Republicans may tank Manchin's energy deregulation bill to get revenge on him: report
Senator Joe Manchin speaking during an event in 2017. (Third Way Think Tank)

When Manchin helped Democrats pass the Inflation Reduction Act, securing hundreds of billions for health care and climate reforms, one of the conditions was that Manchin could introduce a bill for permitting reform — which would help energy and infrastructure projects around the country, both clean and dirty, get approved more quickly, including, crucially, a pipeline in Manchin's home state of West Virginia.

Energy deregulation has long been a goal of Republicans, so in theory the GOP would be more solid allies for helping Manchin get his permitting bill passed than his fellow Democrats. But according to POLITICO on Monday, many Republicans, still enraged over Manchin's key role in the IRA, are threatening to hold the line against the bill, just to spite him.

"With progressives already balking, several Republicans said Monday night that they might not provide the votes needed to break a filibuster of permitting reform, a key cog of this summer’s Democratic climate, health care and tax deal," reported Caitlin Emma, Burgess Everett, and Sarah Ferris. "Though easing construction of energy projects is a longstanding core GOP goal, the party’s senators said they were under no obligation to cough up perhaps a dozen or more votes that Democrats need to get Manchin’s vision done."

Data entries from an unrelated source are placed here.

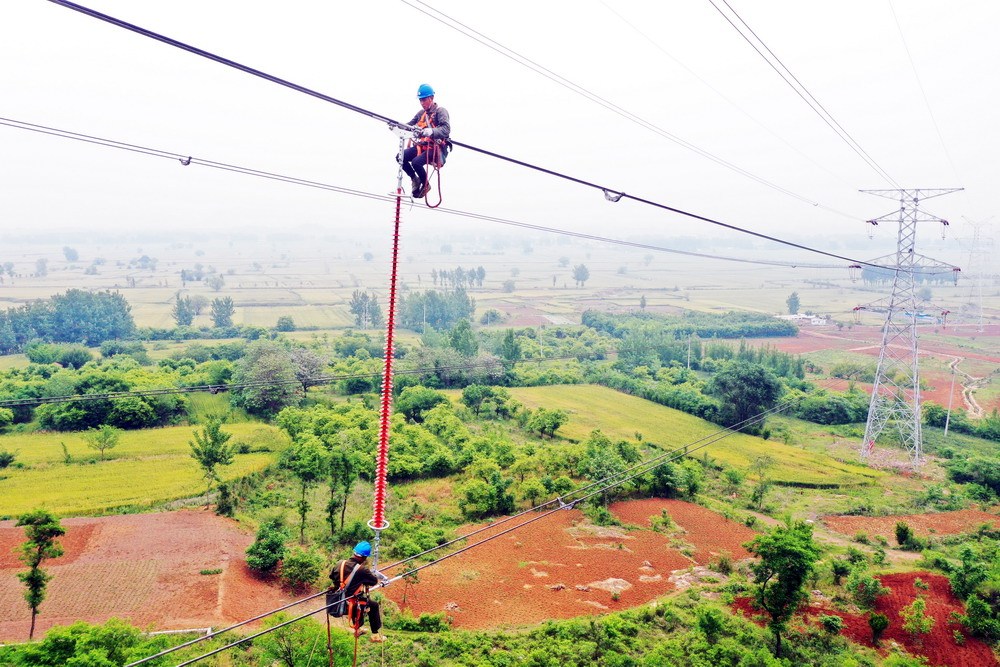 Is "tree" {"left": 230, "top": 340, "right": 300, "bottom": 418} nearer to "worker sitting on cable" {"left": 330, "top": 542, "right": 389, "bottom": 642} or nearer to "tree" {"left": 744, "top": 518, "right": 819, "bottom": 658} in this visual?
"tree" {"left": 744, "top": 518, "right": 819, "bottom": 658}

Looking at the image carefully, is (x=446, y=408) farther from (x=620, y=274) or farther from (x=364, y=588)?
(x=620, y=274)

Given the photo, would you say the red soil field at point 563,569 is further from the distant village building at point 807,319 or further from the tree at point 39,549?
the distant village building at point 807,319

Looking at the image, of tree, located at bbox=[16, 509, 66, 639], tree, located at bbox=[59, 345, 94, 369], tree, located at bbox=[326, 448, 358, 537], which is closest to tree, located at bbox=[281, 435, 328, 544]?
tree, located at bbox=[326, 448, 358, 537]

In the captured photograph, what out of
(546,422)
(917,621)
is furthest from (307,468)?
(917,621)

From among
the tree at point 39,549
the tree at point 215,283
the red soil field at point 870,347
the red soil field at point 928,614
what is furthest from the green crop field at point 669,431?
the tree at point 215,283

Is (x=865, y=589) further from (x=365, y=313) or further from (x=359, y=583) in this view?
(x=365, y=313)

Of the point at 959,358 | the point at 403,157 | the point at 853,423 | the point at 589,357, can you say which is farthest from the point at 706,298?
the point at 403,157
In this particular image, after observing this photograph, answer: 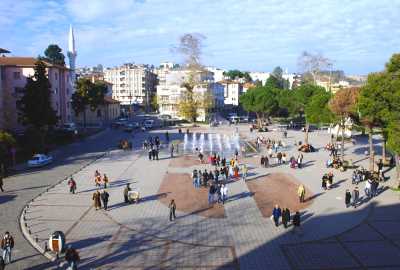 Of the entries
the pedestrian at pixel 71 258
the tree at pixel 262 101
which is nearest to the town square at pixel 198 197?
the pedestrian at pixel 71 258

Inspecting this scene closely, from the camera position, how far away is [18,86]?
5691cm

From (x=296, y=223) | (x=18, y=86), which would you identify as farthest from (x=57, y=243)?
(x=18, y=86)

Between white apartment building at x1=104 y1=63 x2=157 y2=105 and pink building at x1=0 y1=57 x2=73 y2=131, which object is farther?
white apartment building at x1=104 y1=63 x2=157 y2=105

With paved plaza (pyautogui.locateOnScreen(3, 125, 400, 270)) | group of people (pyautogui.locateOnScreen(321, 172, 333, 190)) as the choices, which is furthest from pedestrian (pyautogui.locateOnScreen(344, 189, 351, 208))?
group of people (pyautogui.locateOnScreen(321, 172, 333, 190))

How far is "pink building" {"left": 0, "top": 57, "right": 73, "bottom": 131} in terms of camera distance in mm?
49147

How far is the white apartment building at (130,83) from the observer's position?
144625 millimetres

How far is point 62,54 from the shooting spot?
10262cm

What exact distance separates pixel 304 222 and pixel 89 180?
623 inches

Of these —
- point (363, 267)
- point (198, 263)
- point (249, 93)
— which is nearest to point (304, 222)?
point (363, 267)

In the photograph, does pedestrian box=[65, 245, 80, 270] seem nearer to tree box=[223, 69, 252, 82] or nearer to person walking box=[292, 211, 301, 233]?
person walking box=[292, 211, 301, 233]

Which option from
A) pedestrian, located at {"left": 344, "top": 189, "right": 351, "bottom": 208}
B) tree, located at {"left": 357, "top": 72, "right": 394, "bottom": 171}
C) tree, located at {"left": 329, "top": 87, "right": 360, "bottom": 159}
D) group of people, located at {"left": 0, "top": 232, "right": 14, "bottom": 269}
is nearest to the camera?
group of people, located at {"left": 0, "top": 232, "right": 14, "bottom": 269}

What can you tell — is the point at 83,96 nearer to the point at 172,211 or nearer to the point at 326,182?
the point at 326,182

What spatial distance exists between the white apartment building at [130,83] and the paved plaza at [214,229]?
115051 mm

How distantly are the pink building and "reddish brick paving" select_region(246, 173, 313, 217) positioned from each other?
29536mm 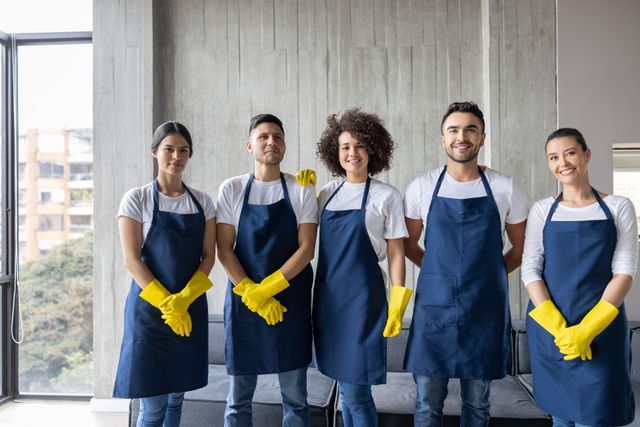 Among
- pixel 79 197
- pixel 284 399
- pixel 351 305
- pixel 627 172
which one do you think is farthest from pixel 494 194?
pixel 79 197

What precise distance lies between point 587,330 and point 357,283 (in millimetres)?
835

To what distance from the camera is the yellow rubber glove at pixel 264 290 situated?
6.54ft

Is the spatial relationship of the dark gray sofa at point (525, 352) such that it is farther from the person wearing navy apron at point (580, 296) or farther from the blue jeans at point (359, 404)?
the blue jeans at point (359, 404)

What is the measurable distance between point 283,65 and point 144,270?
1.98 meters

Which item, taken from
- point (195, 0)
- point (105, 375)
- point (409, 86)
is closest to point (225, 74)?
point (195, 0)

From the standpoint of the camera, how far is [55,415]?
341cm

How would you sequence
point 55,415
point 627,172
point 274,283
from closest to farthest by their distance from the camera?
point 274,283 < point 627,172 < point 55,415

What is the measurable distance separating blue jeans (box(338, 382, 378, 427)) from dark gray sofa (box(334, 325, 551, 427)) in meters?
0.31

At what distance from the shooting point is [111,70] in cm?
347

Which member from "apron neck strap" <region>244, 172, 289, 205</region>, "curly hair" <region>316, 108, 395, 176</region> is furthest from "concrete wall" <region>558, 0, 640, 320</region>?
"apron neck strap" <region>244, 172, 289, 205</region>

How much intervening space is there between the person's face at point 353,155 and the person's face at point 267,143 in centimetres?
27

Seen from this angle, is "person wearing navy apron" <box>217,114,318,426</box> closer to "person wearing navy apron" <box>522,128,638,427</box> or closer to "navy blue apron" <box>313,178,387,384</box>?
"navy blue apron" <box>313,178,387,384</box>

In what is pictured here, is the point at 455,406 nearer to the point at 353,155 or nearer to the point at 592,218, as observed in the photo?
the point at 592,218

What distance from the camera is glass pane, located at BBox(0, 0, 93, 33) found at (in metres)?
3.68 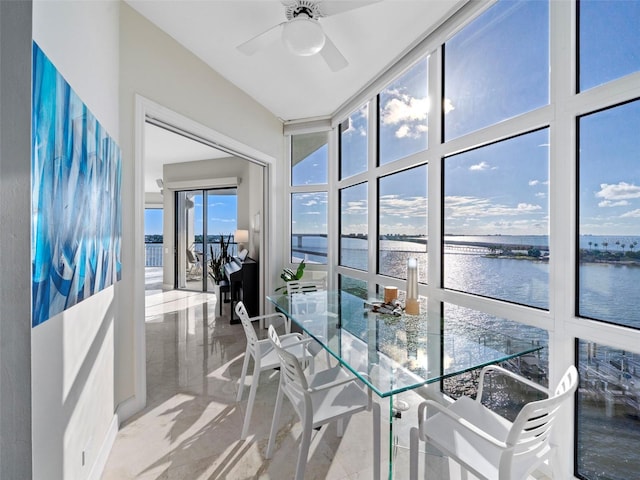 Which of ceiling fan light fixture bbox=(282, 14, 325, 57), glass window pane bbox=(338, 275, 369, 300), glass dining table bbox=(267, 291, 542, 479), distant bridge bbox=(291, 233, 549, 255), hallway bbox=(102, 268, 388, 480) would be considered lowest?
hallway bbox=(102, 268, 388, 480)

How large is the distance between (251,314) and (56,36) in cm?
389

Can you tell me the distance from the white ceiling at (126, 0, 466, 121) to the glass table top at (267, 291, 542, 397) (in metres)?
1.97

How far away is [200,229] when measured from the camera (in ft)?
22.4

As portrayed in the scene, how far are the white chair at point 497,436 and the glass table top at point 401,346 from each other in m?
0.18

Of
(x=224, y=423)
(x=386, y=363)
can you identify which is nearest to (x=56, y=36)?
(x=386, y=363)

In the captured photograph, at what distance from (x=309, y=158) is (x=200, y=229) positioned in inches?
150

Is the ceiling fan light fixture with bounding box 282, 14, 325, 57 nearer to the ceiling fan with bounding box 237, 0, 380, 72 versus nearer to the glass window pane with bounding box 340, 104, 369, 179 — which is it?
the ceiling fan with bounding box 237, 0, 380, 72

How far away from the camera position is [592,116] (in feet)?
4.78

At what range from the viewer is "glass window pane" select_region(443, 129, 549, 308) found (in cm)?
171

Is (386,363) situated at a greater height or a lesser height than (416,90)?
lesser

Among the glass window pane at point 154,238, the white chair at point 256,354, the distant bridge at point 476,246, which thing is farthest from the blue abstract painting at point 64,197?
the glass window pane at point 154,238

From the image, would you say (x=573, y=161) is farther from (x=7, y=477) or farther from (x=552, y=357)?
(x=7, y=477)

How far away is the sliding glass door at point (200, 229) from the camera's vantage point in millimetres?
6730

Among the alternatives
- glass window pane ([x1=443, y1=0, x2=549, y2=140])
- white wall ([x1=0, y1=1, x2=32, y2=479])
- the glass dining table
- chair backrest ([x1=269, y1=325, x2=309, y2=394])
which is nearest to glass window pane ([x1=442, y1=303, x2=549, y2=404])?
the glass dining table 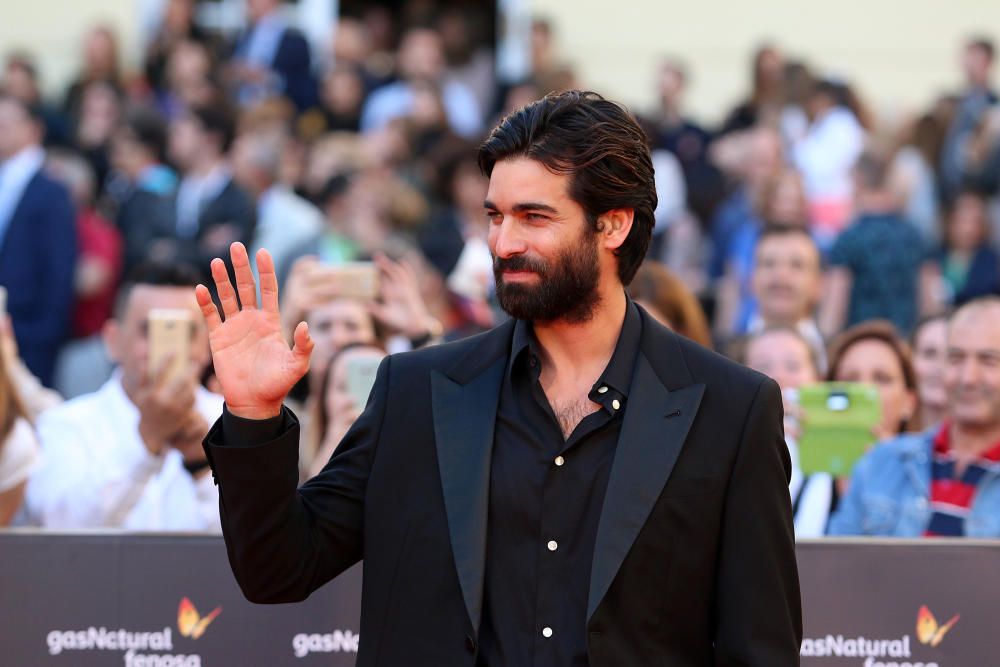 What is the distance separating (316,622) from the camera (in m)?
4.51

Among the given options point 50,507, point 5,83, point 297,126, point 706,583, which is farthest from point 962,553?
point 5,83

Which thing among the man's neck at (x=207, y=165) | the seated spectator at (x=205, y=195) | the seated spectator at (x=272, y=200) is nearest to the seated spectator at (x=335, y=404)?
the seated spectator at (x=205, y=195)

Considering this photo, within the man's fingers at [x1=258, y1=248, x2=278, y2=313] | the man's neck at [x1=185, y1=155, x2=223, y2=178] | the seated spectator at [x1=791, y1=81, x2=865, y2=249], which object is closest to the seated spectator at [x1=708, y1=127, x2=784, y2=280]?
the seated spectator at [x1=791, y1=81, x2=865, y2=249]

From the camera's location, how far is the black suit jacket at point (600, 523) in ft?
11.1

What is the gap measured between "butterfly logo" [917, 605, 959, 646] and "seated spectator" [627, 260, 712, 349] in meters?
2.82

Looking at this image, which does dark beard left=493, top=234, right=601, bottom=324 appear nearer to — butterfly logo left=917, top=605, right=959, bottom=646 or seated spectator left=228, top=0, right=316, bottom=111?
butterfly logo left=917, top=605, right=959, bottom=646

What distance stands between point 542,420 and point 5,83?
10.2 metres

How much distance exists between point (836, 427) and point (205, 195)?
599 cm

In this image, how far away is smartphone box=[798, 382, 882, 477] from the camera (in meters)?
5.82

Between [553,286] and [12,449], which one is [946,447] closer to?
[553,286]

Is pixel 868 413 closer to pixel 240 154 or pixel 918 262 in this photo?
pixel 918 262

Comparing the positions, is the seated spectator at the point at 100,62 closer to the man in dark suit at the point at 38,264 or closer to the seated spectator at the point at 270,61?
the seated spectator at the point at 270,61

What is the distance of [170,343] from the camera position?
597cm

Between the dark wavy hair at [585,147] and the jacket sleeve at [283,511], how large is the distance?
685mm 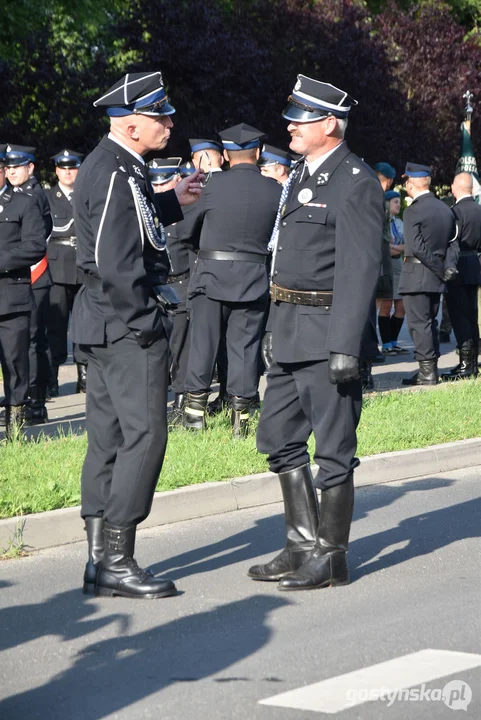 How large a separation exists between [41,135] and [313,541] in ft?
76.8

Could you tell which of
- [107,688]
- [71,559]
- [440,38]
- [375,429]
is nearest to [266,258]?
[375,429]

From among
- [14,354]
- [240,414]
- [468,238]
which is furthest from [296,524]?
[468,238]

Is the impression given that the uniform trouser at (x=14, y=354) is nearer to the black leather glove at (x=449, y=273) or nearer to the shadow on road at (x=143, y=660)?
the shadow on road at (x=143, y=660)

"Sen. John Cornyn (R-Texas) said that 'I don’t think you can count on any Republicans to vote for something they haven’t seen.' But there’s another factor: Manchin’s agreement with Majority Leader Chuck Schumer to pass their party-line domestic policy centerpiece this summer — with permitting reform as a side agreement, requiring votes from both parties to pass later.," said the report. "'Given what Senator Manchin did on the reconciliation bill, [it’s] engendered a lot of bad blood,' Cornyn said. 'There’s not a lot of sympathy on our side to provide Sen. Manchin a reward.'"

All of this comes as Democrats themselves are divided over whether to pass the bill in the first place; while the as-yet-unreleased bill could, in theory, make it easier to build green energy projects and mass transit, many progressives believe that the easier approval process for oil and gas drilling and pipelines would not be worth that benefit.

"Democrats believe Republicans are exacting revenge on Manchin and Democrats for steamrolling them this summer," said the report. The majority party passed a microchip bill with bipartisan votes, then announced a deal between Manchin and Schumer that plowed hundreds of billions of dollars into fighting climate change, imposed a corporate minimum tax and extended expiring health care subsidies. 'I think they just don’t want to give another win to either a Democratic Senate or a Joe Manchin,' said Sen. Martin Heinrich (D-N.M.)."